Resize Your Pages And Make It Readable

My recommendation, if you are a small to medium size publisher, is to not go to the expense of making your entire publication interactive, but rather focus on resizing your editorial pages to make your print product look great in a digital edition format. Take a look at the following example here. This was done using Digital Studio which is a pagination product, digital edition creator and a distribution channel (on it’s own newsstand, Apple newsstand and Android newsstands). We noticed that the magazine’s ads were mostly in large fonts, and there was no need to re-create all of the ads to make the digital edition look good. They could run in the print size and still be readable. Instead, Gold Coast magazine focused on re-designing and expanding their editorial pages. It actually is quite quick to do this if your designer knows they are going to be expanding the version after the print is done. It takes Gold Coast’s designer an average of 3 to 4 days per issue to re-design and expand the editorial pages so they can be read easily in the digital version. The upside is not just a digital version which is highly readable, but also a chance to run small photos at much larger sizes as in this example:

Choosing The Middle Road image

Bring Your Digital Editions To Life

Freed from the restrictions of print page costs, you can design (or in this case re-design) a better editorial product.

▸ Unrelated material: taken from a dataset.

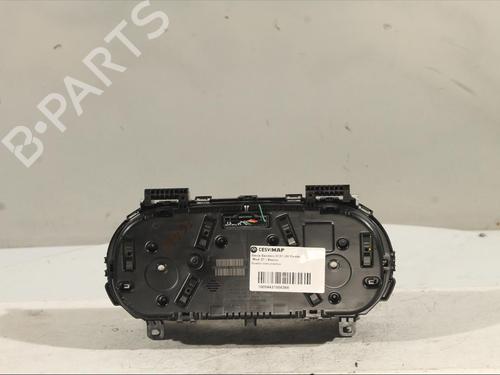 Instrument cluster DACIA SANDERO III 1.0 TCe 110 | BP27513575C47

If you are like most small and medium size publishers, this is the way to go. Don’t just slap up your print version creating a product that many just aren’t going to read. Instead, re-design the pages in In Design and focus on readability rather than interactivity. Most readers just want to be able to read your product, and many are often just plain annoyed by interactive ads anyway. This is a cost effective way to bring your digital editions to life, and give your reader a format and reading option which is actually a better experience than print.